## Your task
An exact copy is required of every line from the one with "LEDRIE, LEATHER SADDLEBAG" through the end of the data below, and the pictures must stay out of it.

## Records for this task

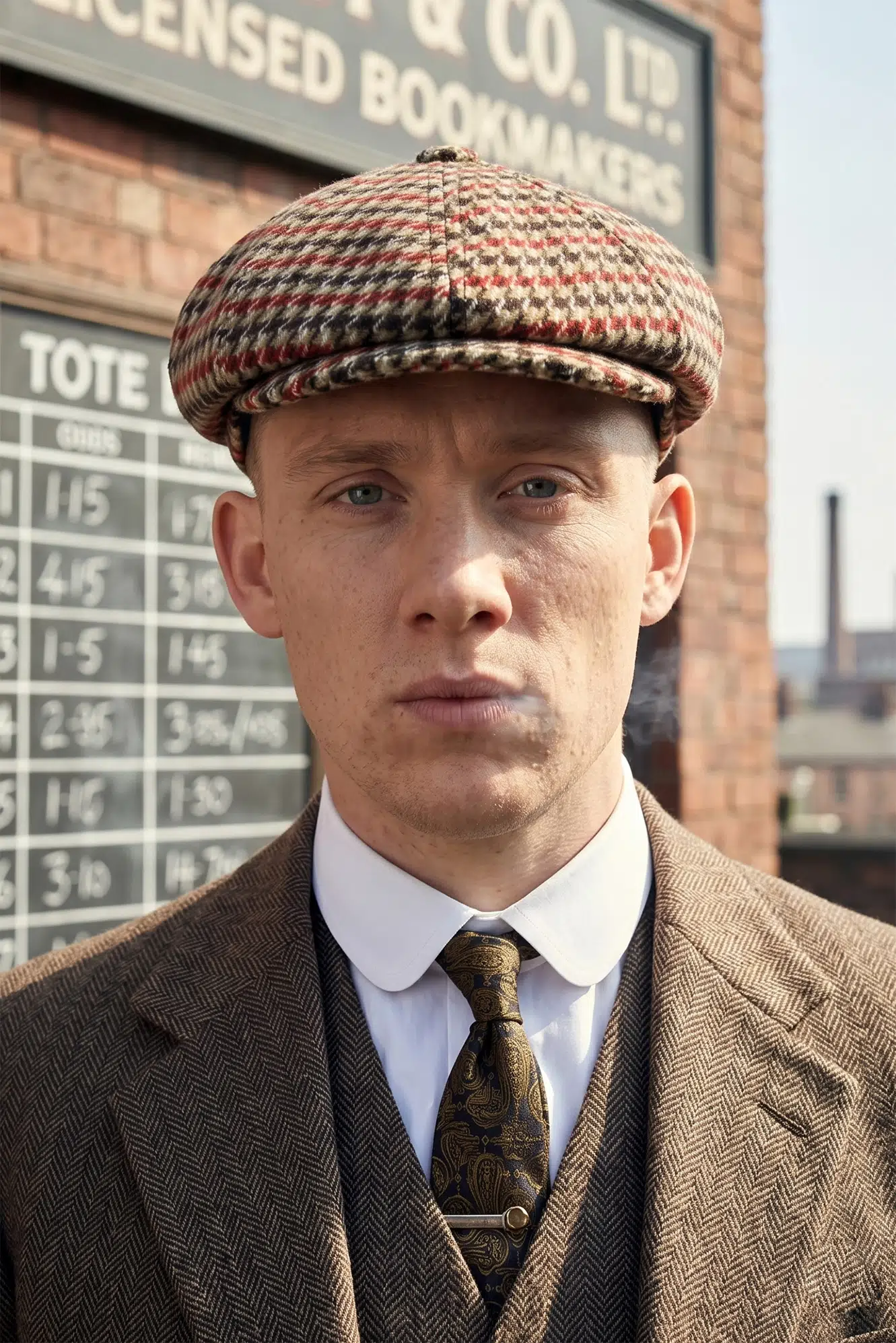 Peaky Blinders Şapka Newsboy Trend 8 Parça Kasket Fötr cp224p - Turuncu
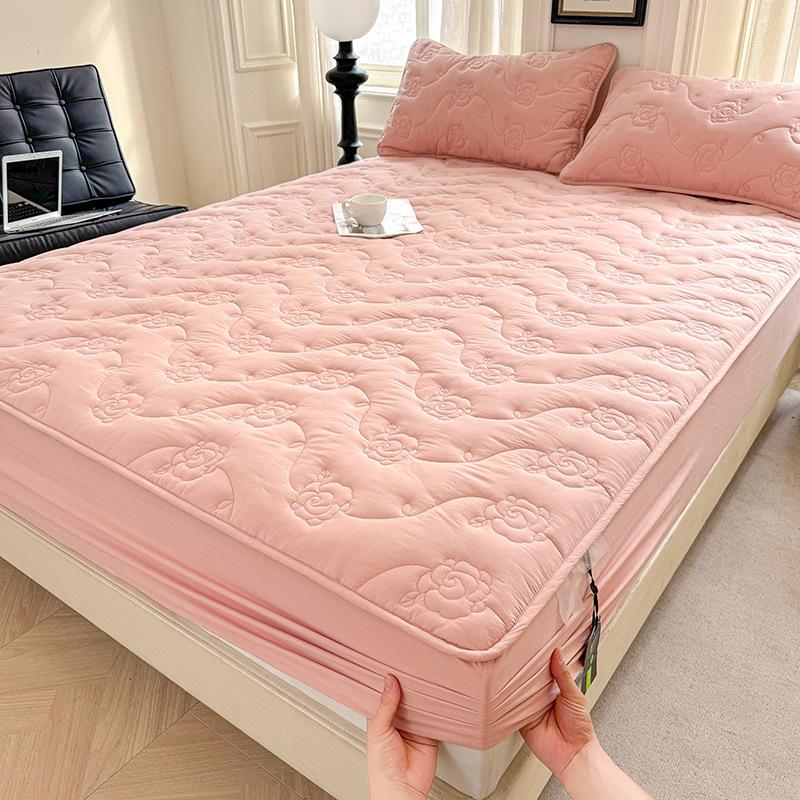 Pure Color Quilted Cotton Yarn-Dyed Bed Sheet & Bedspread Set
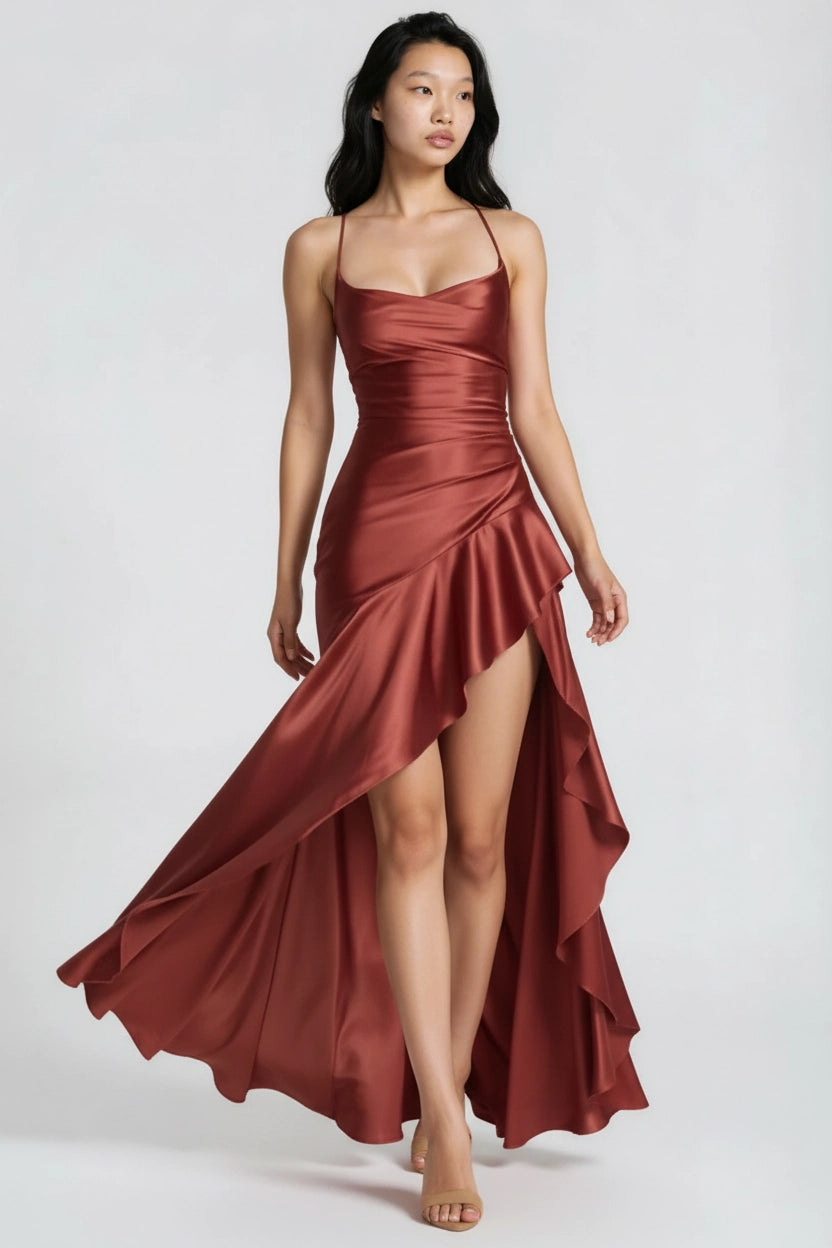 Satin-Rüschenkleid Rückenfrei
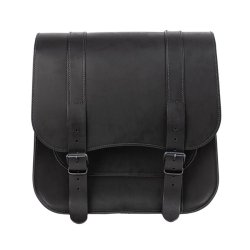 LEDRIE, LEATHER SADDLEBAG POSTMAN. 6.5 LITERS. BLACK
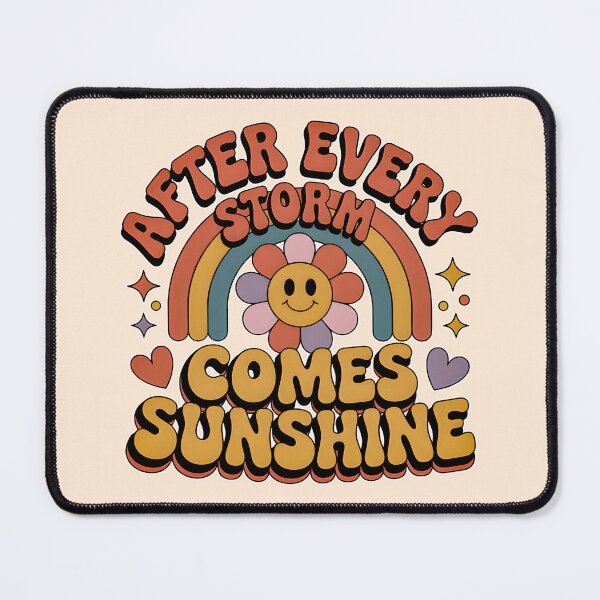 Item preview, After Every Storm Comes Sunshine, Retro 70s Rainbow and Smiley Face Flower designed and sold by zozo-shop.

## Exercise solution
 LEDRIE, LEATHER SADDLEBAG POSTMAN. 6.5 LITERS. BLACK
 Item preview, After Every Storm Comes Sunshine, Retro 70s Rainbow and Smiley Face Flower designed and sold by zozo-shop.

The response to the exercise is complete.